I think this is exactly the update rule you are looking for.

And rereading your OP, I see this is exactly the update rule you were proposing. So, yes, your odds ratio approach works given the assumptions I’ve outlined.

Thank you, Pasta. All we need to assume is that J’s effect is independent of whatever the difference is between the two Detectives’ estimates.

I actually figured this out after a 3rd cup of coffee yesterday and clicked to SDMB to post it myself. And I’d intuited this a few years ago – Perhaps I’d have remembered the proof had I worked it laboriously then rather than just having a flash of intuition.

Of all the things I’ve lost, I miss my mind the most.

Yes, and also that their estimates of the probability of J is the same in both the X and \neg X cases, which is often a separate requirement from just independence from their prior probilities.

For pedagogical completeness, we can extend the example below to break the assumptions.

Let’s say that Detective #2 found an invoice for shoe repair showing that Jim’s evidentiary shoes were actually at the cobbler on the week of the crime. Detective #2 would assign a lower value to P(J|X) than Detective #1. That is, Detective #2 would say it is less likely to see this shoeprint at the crime scene if Jim were the burglar. Jim would need to have a second pair of the same shoes or something. Or maybe this is a clever ruse and he planned the shoe repair timing, making it more likely! Either way, the detectives would disagree on P(J|X) but not because of any connection to the prior probabilities.
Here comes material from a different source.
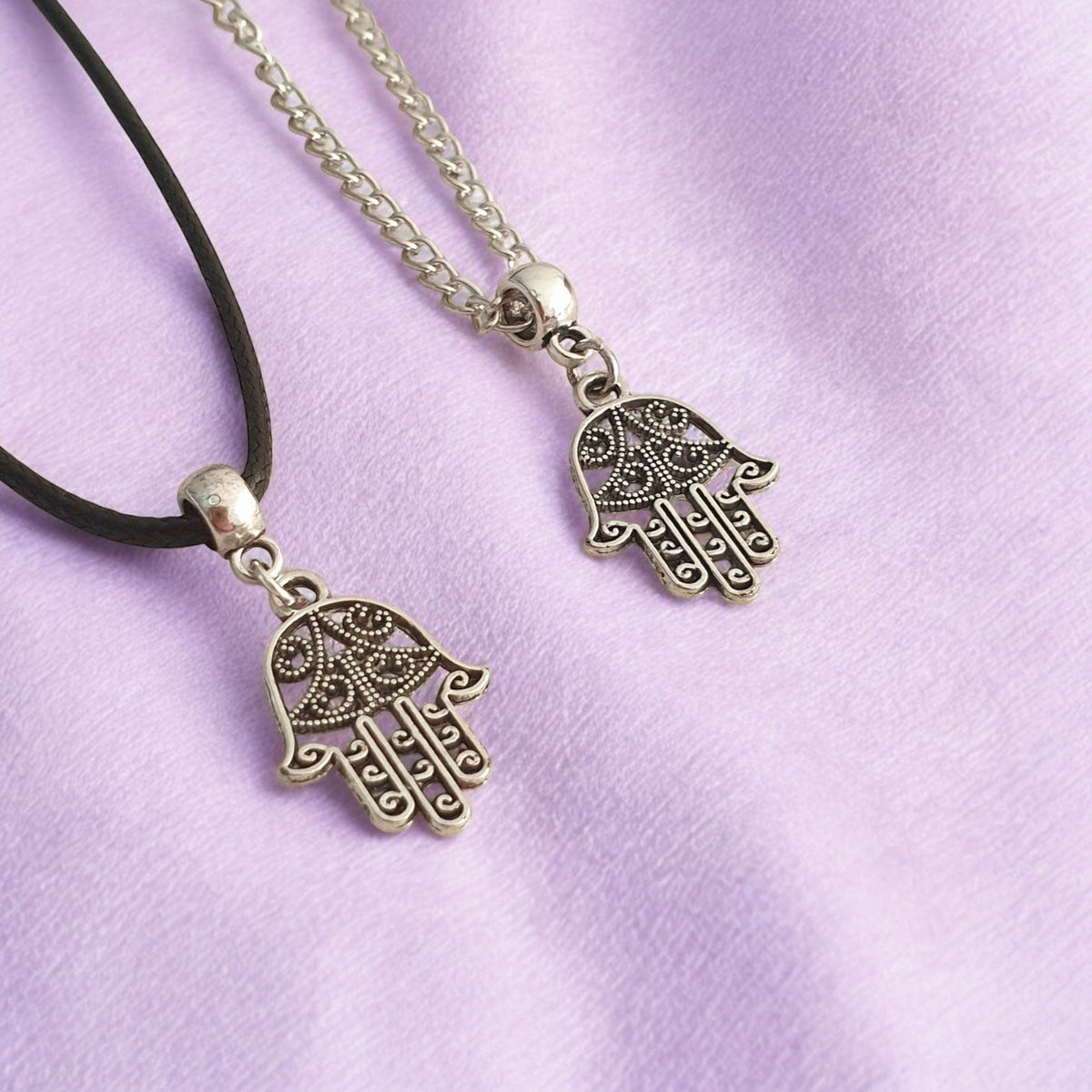 Hamsa Hand Charm Necklace Silver Plated Or Waxed Cord Variable Lengths, Gift Packaged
It would not be hard to add story elements that would lead to differences in P(J|\neg X) as well, without connection to the prior probabilities.

For connections to the prior differences, we can change the additional evidence that Detective #2 has in hand. Detective #2 had gotten ahold of a receipt that shows Jim completing his appointment for shoe repair on the very same evening as the crime. Even before any shoeprints are found, Detective #2 sees that the time conflict makes it very hard (but not impossible) for Jim to get to the crime scene in time. This is why the detectives disagree on their prior probability estimates. When the new shoe print evidence J is found, Detective #2 notes that this either makes the time conflict even stronger given the time needed to change shoes or it makes the shoeprints less likely to be Jim’s.